Please take the lines from the one holding "a kitchen with" through the one holding "bay heavyweight tee" in the data below and copy them exactly.

- RAW DATA:
Start of Block
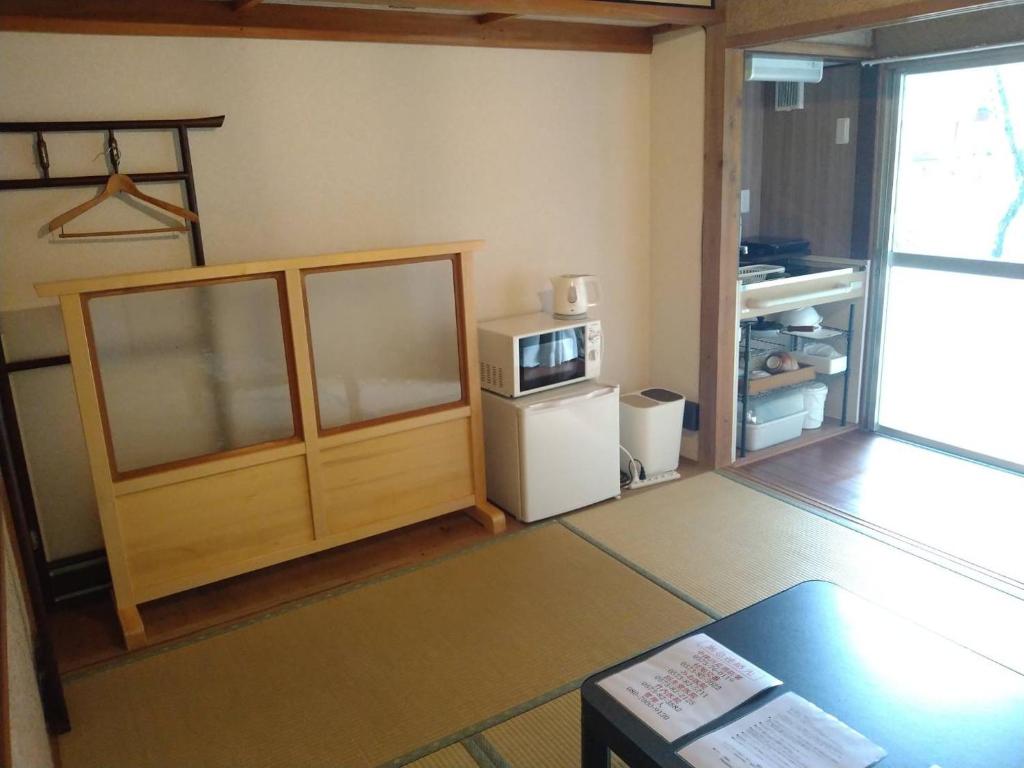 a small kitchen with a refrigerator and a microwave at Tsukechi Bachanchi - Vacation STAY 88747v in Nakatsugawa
End of Block
Start of Block
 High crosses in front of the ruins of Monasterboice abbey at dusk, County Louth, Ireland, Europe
End of Block
Start of Block
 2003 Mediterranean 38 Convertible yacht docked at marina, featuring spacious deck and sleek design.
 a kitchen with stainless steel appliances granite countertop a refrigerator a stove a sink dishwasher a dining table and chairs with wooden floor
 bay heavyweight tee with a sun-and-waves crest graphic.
End of Block
- SOLVED EXERCISE:
 a kitchen with stainless steel appliances granite countertop a refrigerator a stove a sink dishwasher a dining table and chairs with wooden floor
 bay heavyweight tee with a sun-and-waves crest graphic.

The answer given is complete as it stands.